Task to carry out
Nothing but the lines from the first line of the records below to the line holding "Full length portrait" belongs in the answer, copied exactly and without pictures.

*-*-*

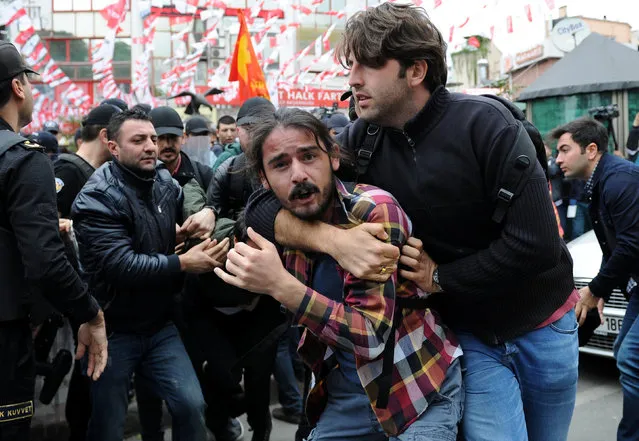 A plainclothes police officer detains a protester as he and others attempted to defy a ban and march on Taksim Square to celebrate May Day, in Besiktas neighbourhood of Istanbul, Turkey, May 1, 2016. (Photo by Yagiz Karahan/Reuters)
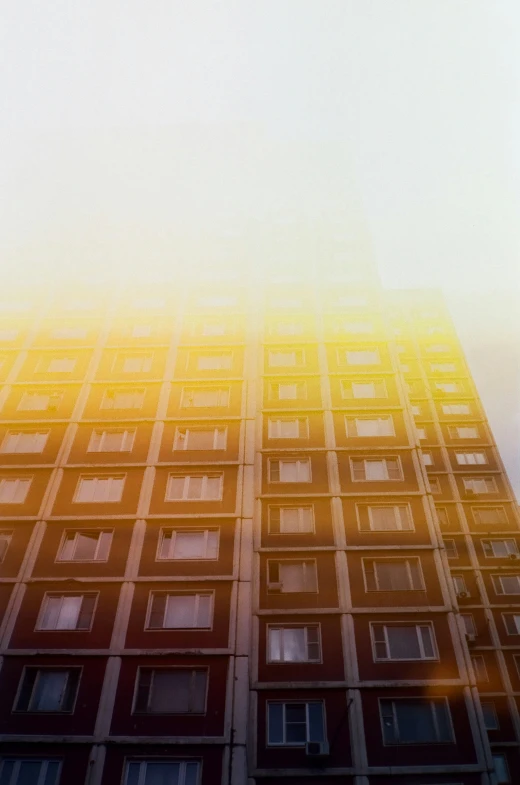 an image of a building with windows and a clock in the middle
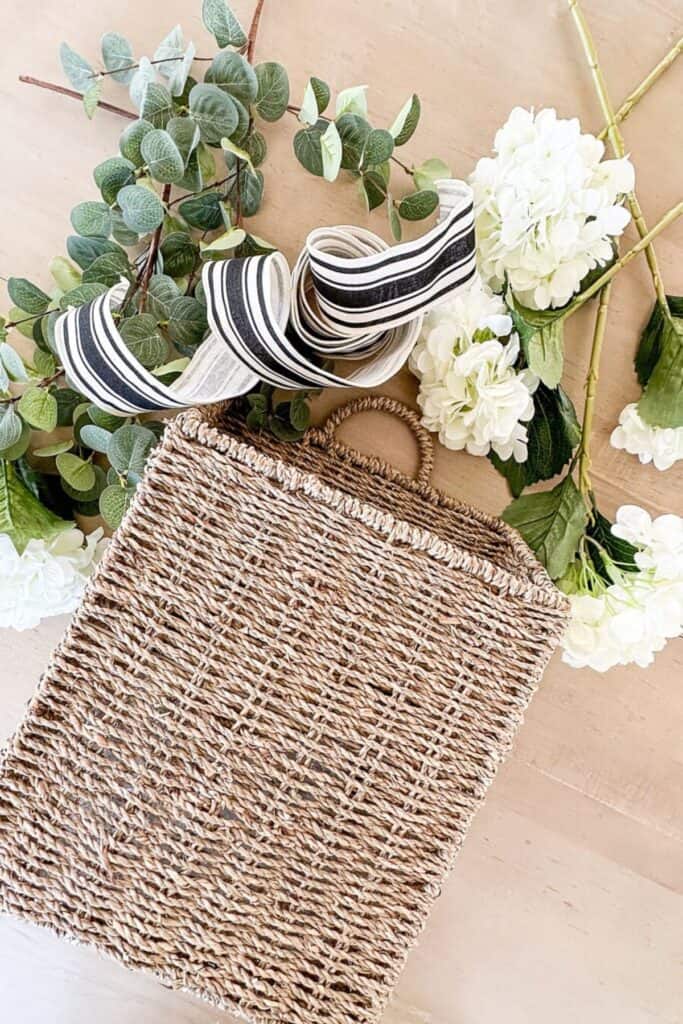 materials used to make a hydrangea summer basket for the front door, with black and white French striped ribbon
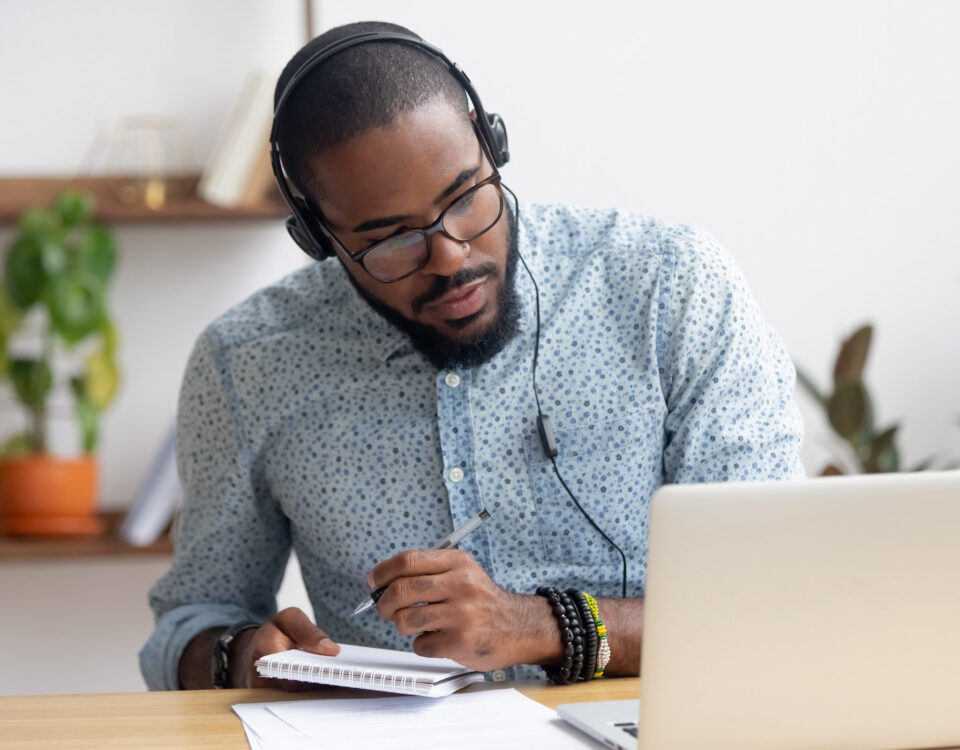 man wearing headphones while writing notes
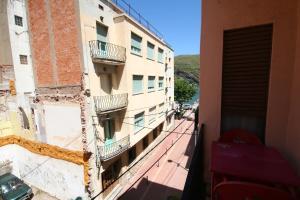 a view from the balcony of a building at Hostal Juventus in Portbou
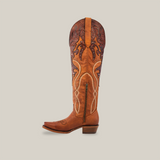 The Miriam Brick - Tall Shaft - Snip Toe is a tall brown leather cowboy boot featuring intricate embroidery and decorative patterns on the upper shaft. Crafted from premium materials, it includes a side zipper and low heel, set against a plain white background.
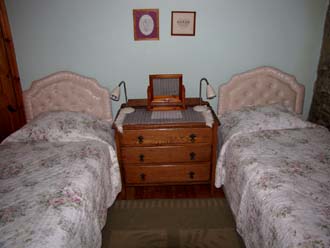 Twin bedded room with lofted ceiling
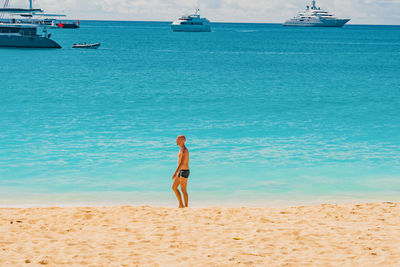 Rear view of man on beach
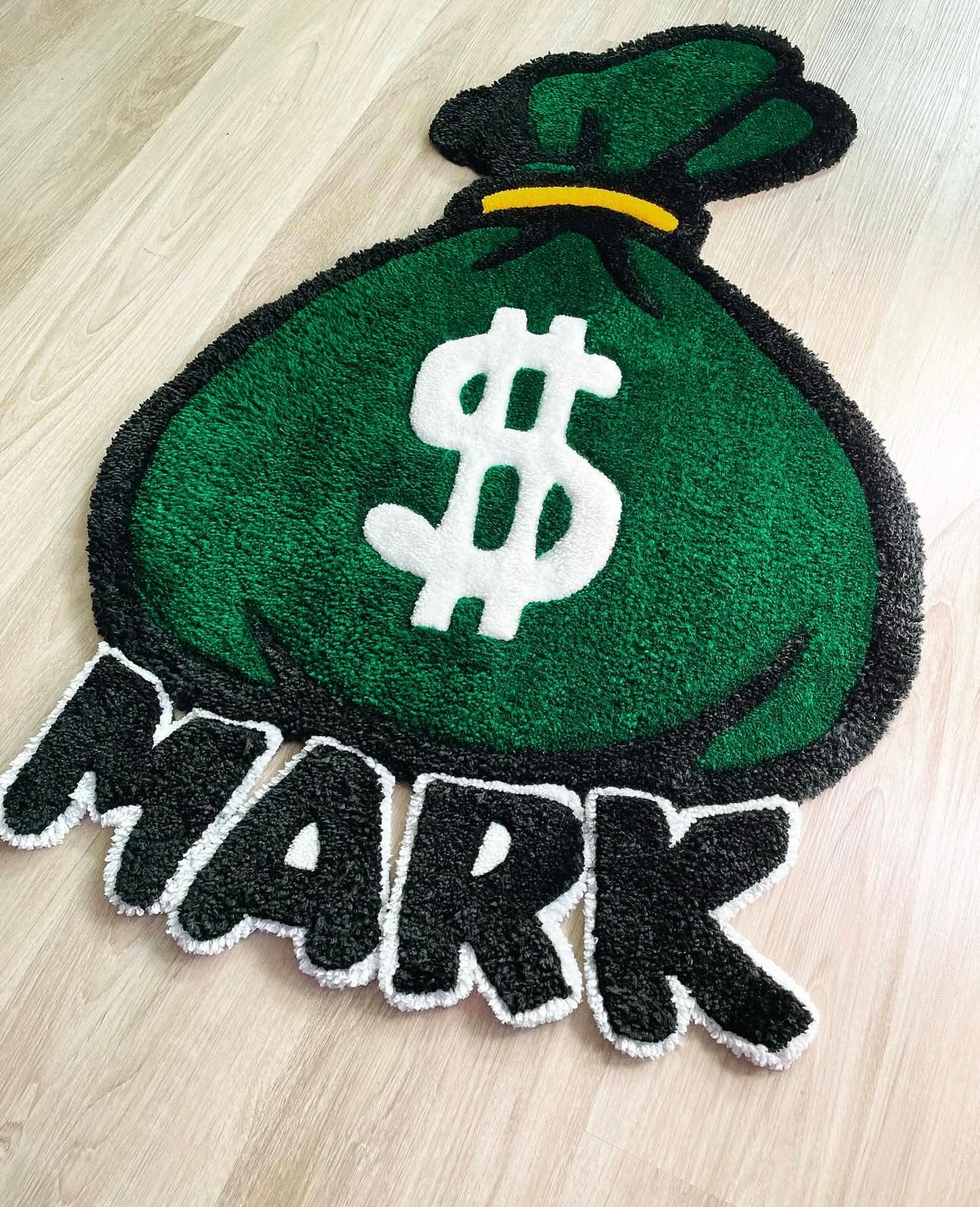 “MONEYBAG RUG”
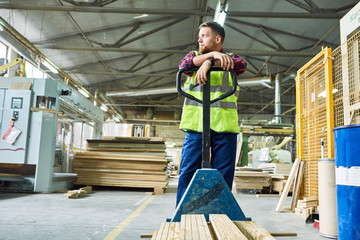 Full length portrait of young man wearing reflective jacket leaning on cart while moving wooden boards  in factory warehouse, copy space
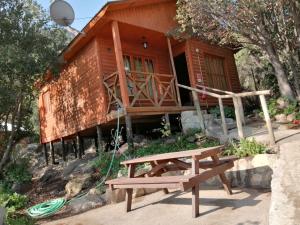 una casa de madera con un banco de picnic frente a ella en Cabañas Lomas del Manzano, en San José de Maipo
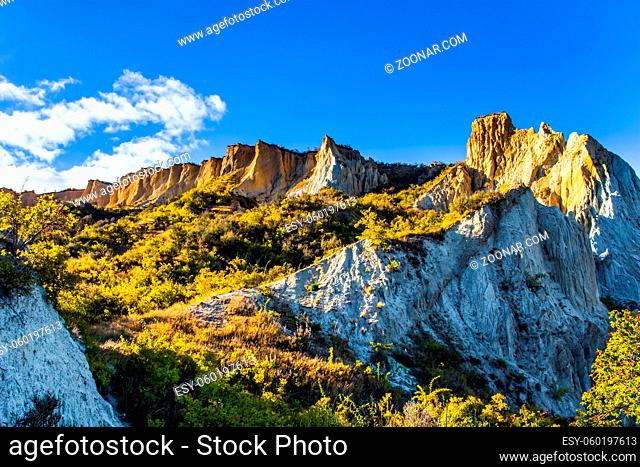 Fabulous country of New Zealand. Travel to the South Island. Warm sunny day. High white Clay cliffs with sharp peaks at sunset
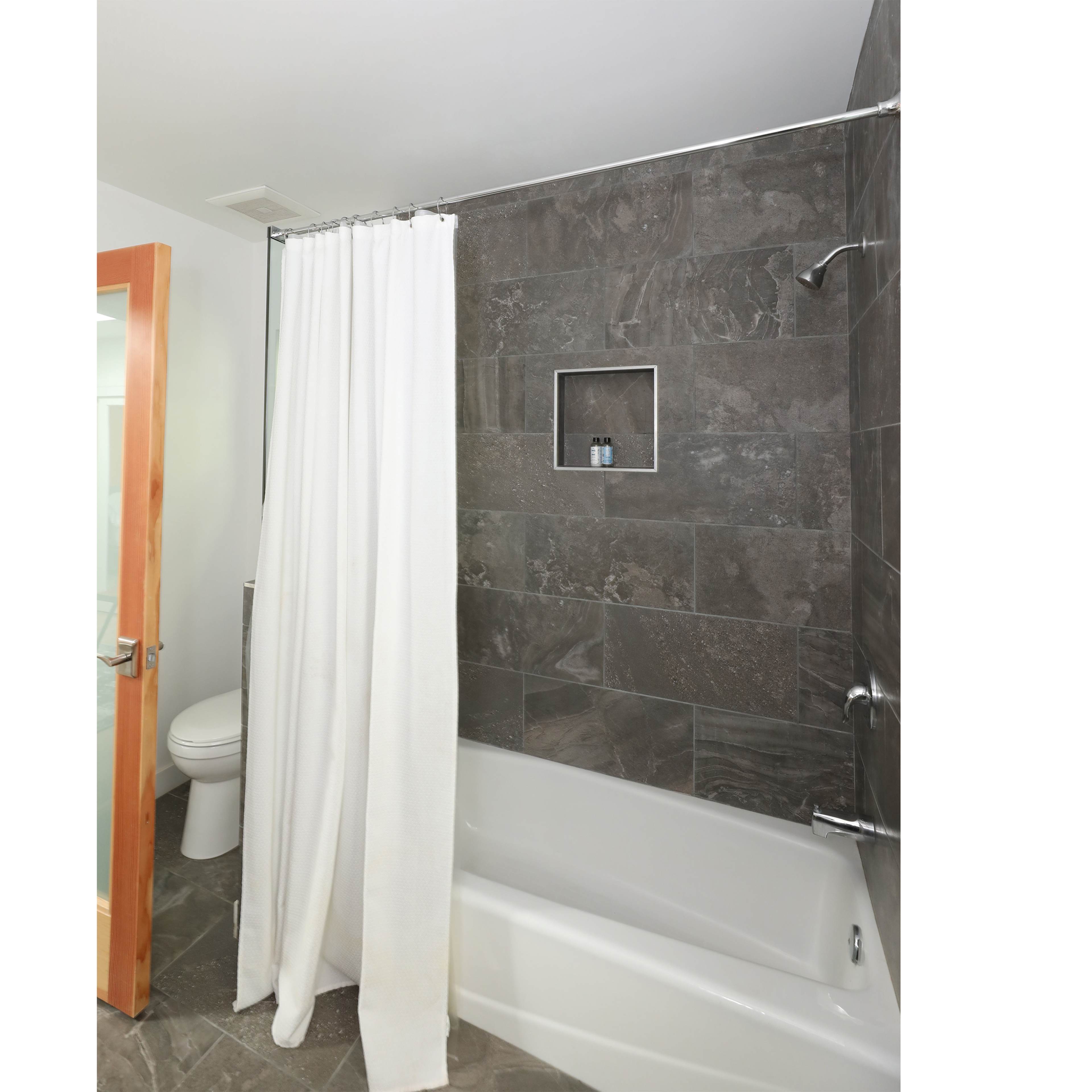 A bathroom features a bathtub with a shower curtain, tiled walls, and a toilet in the background.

*-*-*

Result of this task
 A plainclothes police officer detains a protester as he and others attempted to defy a ban and march on Taksim Square to celebrate May Day, in Besiktas neighbourhood of Istanbul, Turkey, May 1, 2016. (Photo by Yagiz Karahan/Reuters)
 an image of a building with windows and a clock in the middle
 materials used to make a hydrangea summer basket for the front door, with black and white French striped ribbon
 man wearing headphones while writing notes
 a view from the balcony of a building at Hostal Juventus in Portbou
 The Miriam Brick - Tall Shaft - Snip Toe is a tall brown leather cowboy boot featuring intricate embroidery and decorative patterns on the upper shaft. Crafted from premium materials, it includes a side zipper and low heel, set against a plain white background.
 Twin bedded room with lofted ceiling
 Rear view of man on beach
 “MONEYBAG RUG”
 Full length portrait of young man wearing reflective jacket leaning on cart while moving wooden boards  in factory warehouse, copy space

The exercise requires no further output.